Sözcü yazarı Deniz Zeyrek, Cumhurbaşkanı ve AKP Genel Başkanı Tayyip Erdoğan'ın, ABD'nin Ankara Büyükelçisi Jeff Flake'in CHP Genel Başkanı Kemal Kılıçdaroğlu'nu ziyaretine ilişkin söylediği, "Ayıptır, azıcık kafanı çalıştır. Sen büyükelçisin. Senin buradaki muhatabın Cumhurbaşkanı'dır. Sen bundan sonra hangi yüzle Cumhurbaşkanı'ndan randevu isteyeceksin? Bizim kapılan kapandı ona, bir daha göremezsin. Niye? Haddini bileceksin. Büyükelçi olarak görevini bileceksin. Bir büyükelçi nasıl çalışır, bunu öğreneceksin. Bunu öğrenmediğin takdirde bu kapı öyle yol geçen hanı değil, giremezsin" sözlerini yorumladı.
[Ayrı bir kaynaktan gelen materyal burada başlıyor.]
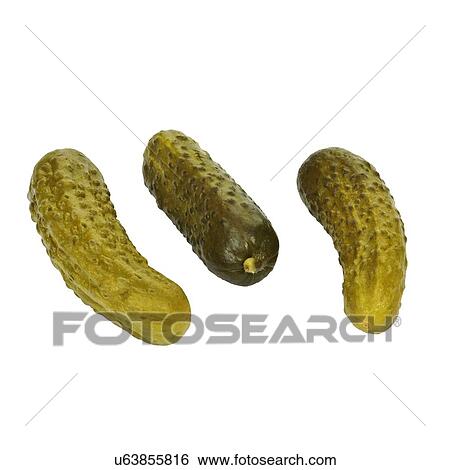 Gherkins View Large Photo Image Stock Photograph - Gherkins. Fotosearch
"Yapılması gereken en doğru şey, o görüşmeyi not edip görmezden gelmekken Erdoğan'ın bu kadar içli ve abartılı tepki göstermesinin nedeni ne olabilir ki?" diye soran Zeyrek, şunları kaydetti:
"Belki bu görüşmeden bir propaganda konusu çıkarmaya hazırlanıyordur. Yakında her çıktığı kürsüde seccade bölümünden sonra 'Bakın rakibimi dış güçler destekliyor' derse şaşırmayın.
Belki bu görüşmeyi fazla ciddiye almasının nedeni kendi siyasi geçmişindeki bazı anılarıdır. O anılardan yola çıkarak, 'ABD Büyükelçisi ziyaret ediyorsa, O'nun kazanacağına inanıyordur' diyordur.
(Hatırlayın lütfen: 15 Ekim 1996'da ABD'nin o zamanki Ankara Büyükelçisi Morton Abromowitz'le görüştükten sonra kendisinin siyasi yol haritasında ciddi bir değişiklik olmuş, siyasette yerelden ulusala geçmesini sağlayan gelişmeler yaşanmıştı.
Aynı şekilde yeni kurdukları AK Parti, yol arkadaşı Abdullah Gül 23 Temmuz 2001 günü İngiltere'nin Ankara Büyükelçisi David Logan'la görüştükten bir buçuk yıl sonra tek başına iktidar olmuştu.)
İster ilki ister ikincisi olsun.
Bu açıklama, Erdoğan'ın seçimi kaybetme ihtimalini fazla taktığının önemli bir göstergesidir."